Civil Code section 4505 states that an association cannot prevent owners and residents from gaining access to the development and their property through the common areas. There is an implied right of ingress and egress for access that may not be blocked and that includes the entrance gate. If these unreasonable and deliberate actions persist, they can be construed as a “constructive eviction” from your property, and an action may be brought against the board and the manager.

Protest this unreasonable parking scheme in writing to the board and voice your unique situation and grievances at the next open meeting during the speakers’ forum. Ultimately it is the board’s responsibility to ensure that the association and its vendors are in compliance with the law, including Civil Code section 4505. Also point out that the security the association is probably paying a considerable amount of money for is being easily bypassed with junk food.

The buck starts and stops with the board of directors. The board is vested with the duty of supervising its employees, including the manager. When rules and regulations are enforced to the point of absurdity for owners whose situations don’t fit inside the typical box, it creates a liability for the association. It isn’t even a question of the board choosing to side with the manager and her draconian implementation of parking permit rules; it’s a question of the board’s failure to perform adequate oversight over its operations. In the event of a lawsuit for breach of fiduciary duty, it will be difficult for the directors to justify spending association funds on bad management and inefficient security. There may as well be no security at all.

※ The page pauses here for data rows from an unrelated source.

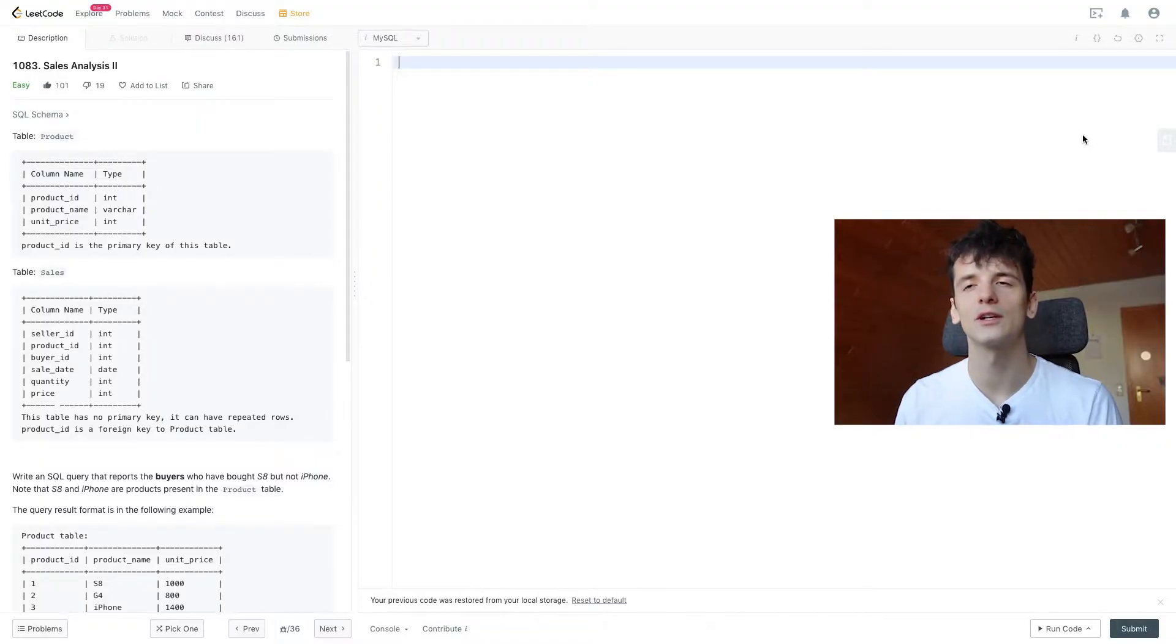What's up YouTube, today we're going to take a look at LeetCode problem number 1083, Sales Analysis 2. This one is marked as easy, let's get into it.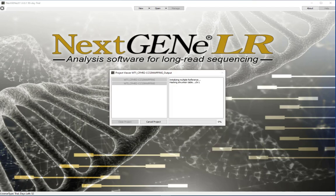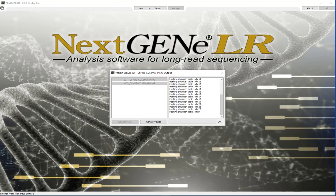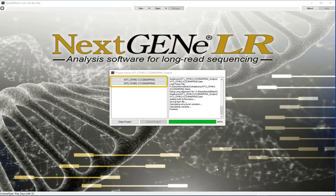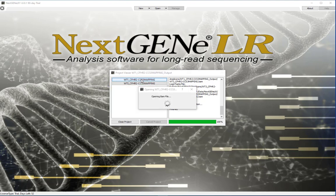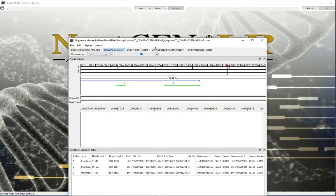As the samples are processed, the project viewer is updated to show the progress. When a sample is completed, on the left side, a button with the sample name becomes active. Once this happens, you can click on the button to load the sample's results in the viewer.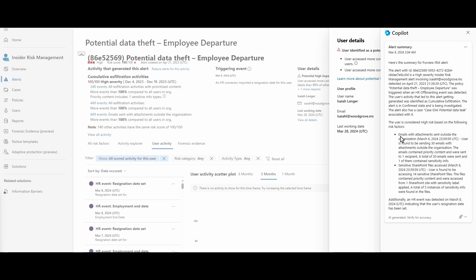Two days before putting in his resignation notice, Elijah has been busy basically dumping out as many documents as he can. With over 20 years in insider threat and investigations inside organizations, this is very common. Before Copilot and the early stages of Purview, when most everything was in SharePoint, a lot of companies did not have auditing turned on.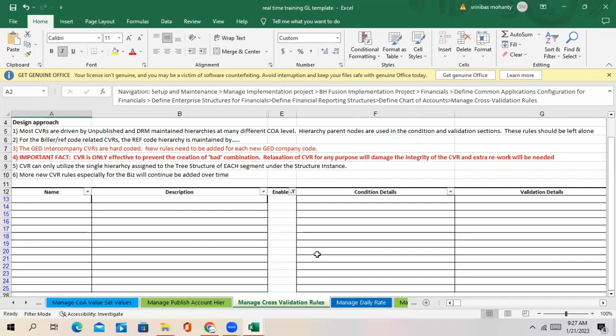Because there are a lot of balancing segments and company decides this particular balancing segment values are intercompany accounts, like we used to create intercompany transactions for this balancing segment. So what you can do - capture this balancing segments or company code and create an intercompany tree separately and publish it. And when you are creating the cross-validation rule, you can use that accounting tree in the condition.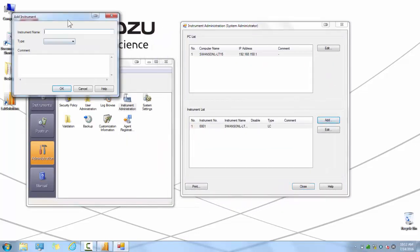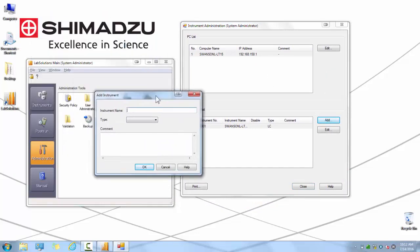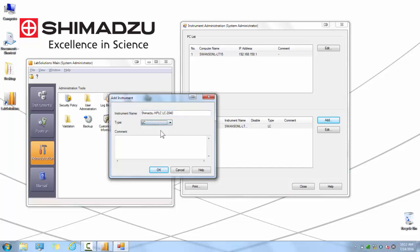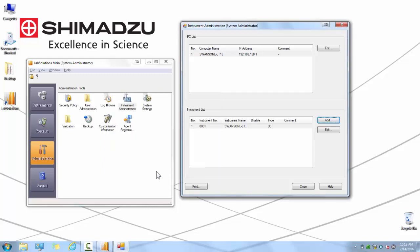Once the Add Instrument screen pops up, you can enter in a name of the instrument for your own reference. Select the type of instrument from the drop-down menu, either an LC or a GC, and then you can enter any comments in the fields below, such as a system description of the modules used, the purpose of the instrument or the location of the instrument. Once you have entered in all the information you desire, click OK, then click Close on the instrument administration screen.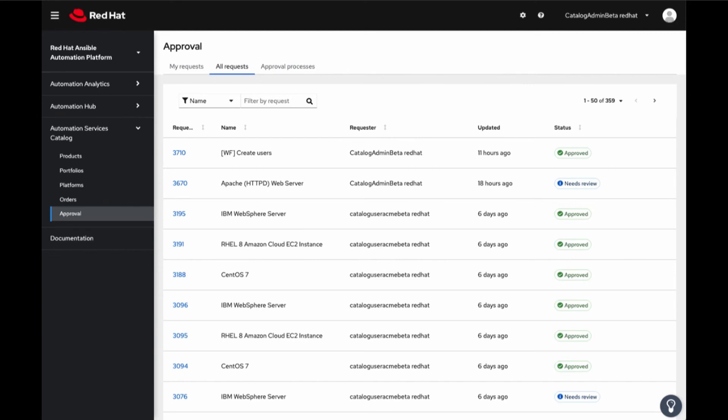Comments can be left for other approvers to see in the transcript, such as, can we check we have the resources in the data center for this request, or this request is on hold.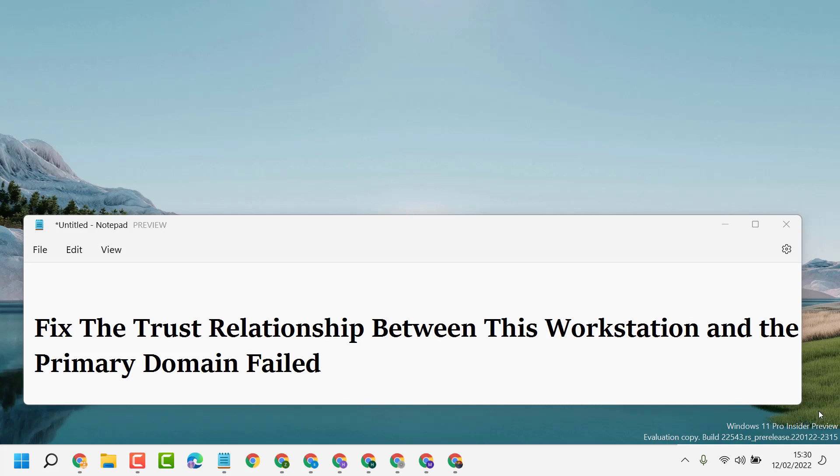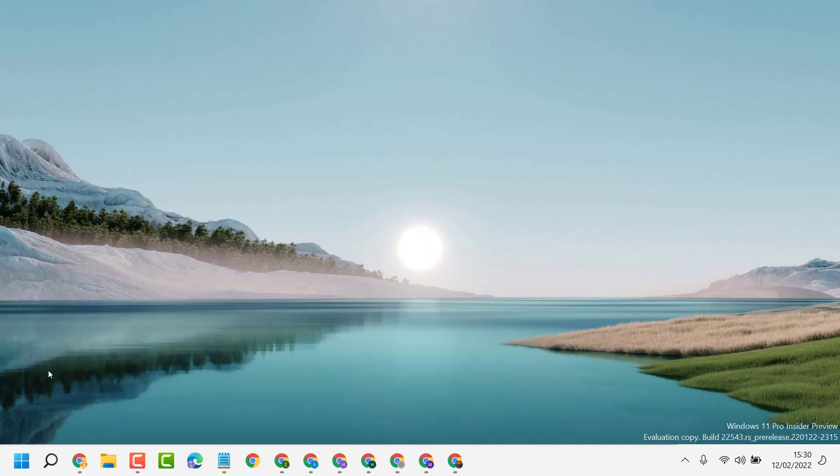Hello friends, today in this video I'm going to show you how to fix the trust relationship between this workstation and the primary domain failed. To resolve this issue, firstly click on Start.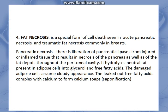Fat necrosis is seen in acute pancreatic necrosis and in traumatic fat necrosis, which is seen in breasts. There is liberation of pancreatic lipases from injured or inflamed tissue, resulting in necrosis of the pancreas as well as the fat deposits present in the peritoneal cavity. The leaked-out free fatty acids combine with calcium to form calcium soaps, which is known as saponification.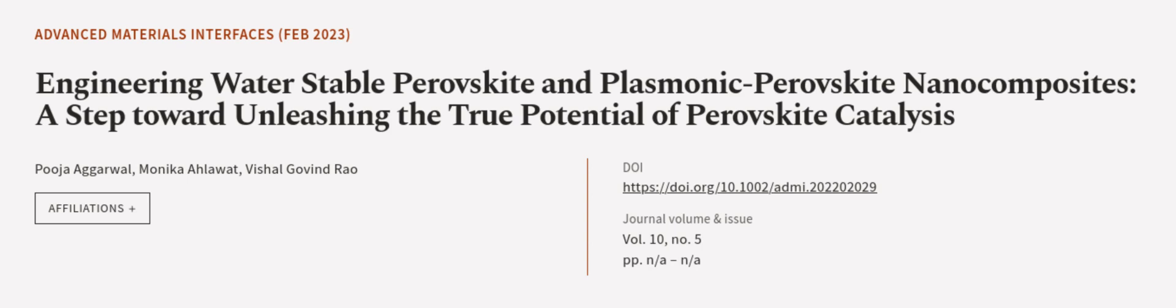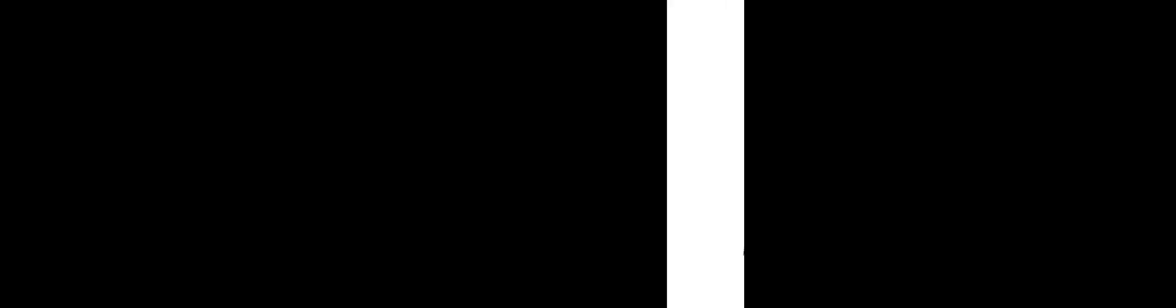This article was authored by Pooja Agarwal, Monica Alavatt, and Vishal Govind Rao. We are article.tv, links in the description below.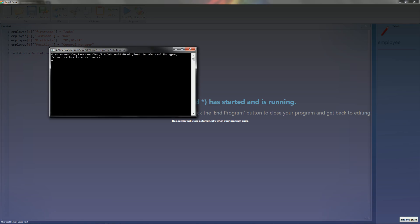Yeah, see, it pulls up the first name, which is John, the last name, which is Doe, the birthday, which is 01, 01, 01, and the position, which is general manager.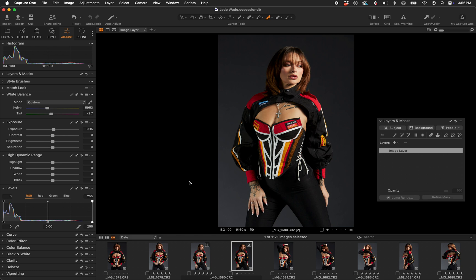Today I want to show you how to make a saturation mask in Capture One using native Capture One tools. What you use a saturation mask for is wide and variable — everybody has different reasons why they may want one. I'm just going to show you how to make one.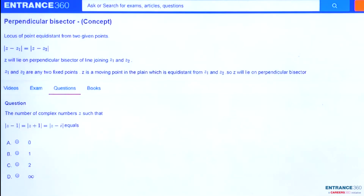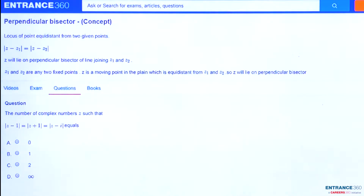Hello students, we have a question from JEE MAINS 2010 from the chapter complex numbers. It's a very important question. Let's see the question: the number of complex numbers z such that |z - 1| = |z + 1| = |z - i|.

Many residents own and operate more than one vehicle. The considerable inconvenience, let alone the anxiety of wondering whether you will be allowed into the parking lot where you live, is a harsh reminder that purchasing property subject to a homeowner association is complicated.

Zachary Levine, a partner at Wolk & Levine, a business and intellectual property law firm, co-wrote this column. Vanitzian is an arbitrator and mediator. Send questions to Donie Vanitzian, JD, P.O. Box 10490, Marina del Rey, CA 90295 or noexit@mindspring.com.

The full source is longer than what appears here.